_EXERCISE_
Repeat the records below exactly from the line containing "Coffee, variant on" to the line containing "Alternative view 2", taking in both of those lines. Drop the pictures.

──────── RECORDS FOR THIS EXERCISE

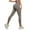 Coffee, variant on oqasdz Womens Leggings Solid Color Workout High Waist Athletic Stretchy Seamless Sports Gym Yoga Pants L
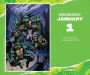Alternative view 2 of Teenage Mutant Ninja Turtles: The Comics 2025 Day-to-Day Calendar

────────────────
──────── RECORDS FOR THIS EXERCISE

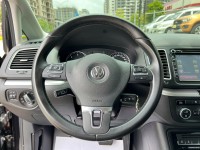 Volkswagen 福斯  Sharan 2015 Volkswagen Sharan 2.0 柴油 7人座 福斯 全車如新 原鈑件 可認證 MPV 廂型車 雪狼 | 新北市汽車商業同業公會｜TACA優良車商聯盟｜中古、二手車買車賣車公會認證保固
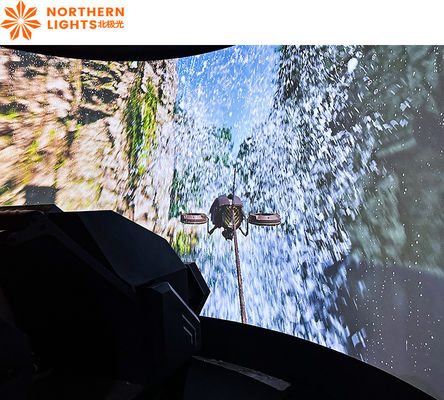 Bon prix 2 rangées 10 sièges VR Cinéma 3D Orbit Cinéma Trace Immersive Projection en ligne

────────────────
──────── RECORDS FOR THIS EXERCISE

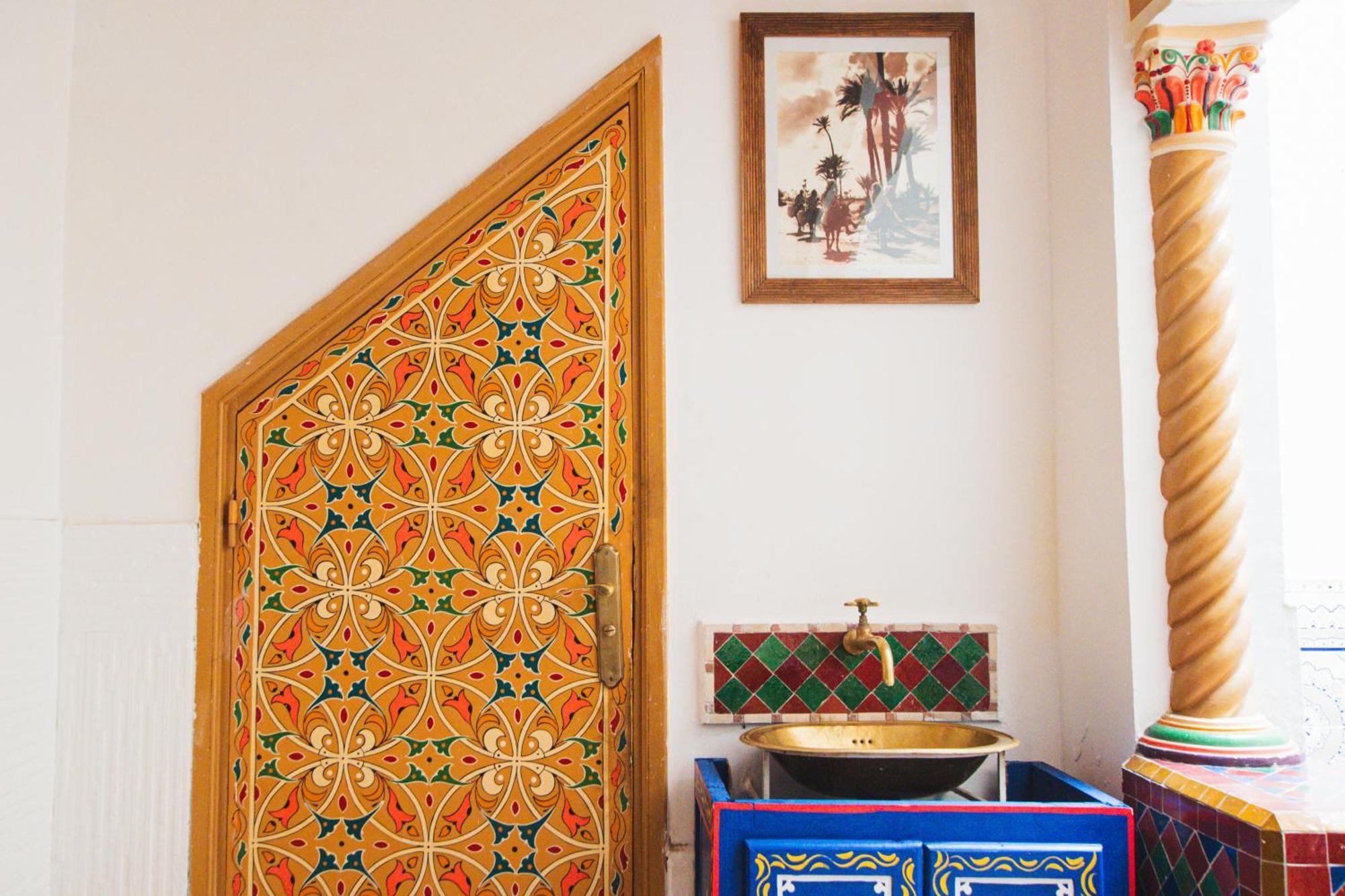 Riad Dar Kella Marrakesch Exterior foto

────────────────

_YOUR SOLUTION_
 Coffee, variant on oqasdz Womens Leggings Solid Color Workout High Waist Athletic Stretchy Seamless Sports Gym Yoga Pants L
Alternative view 2 of Teenage Mutant Ninja Turtles: The Comics 2025 Day-to-Day Calendar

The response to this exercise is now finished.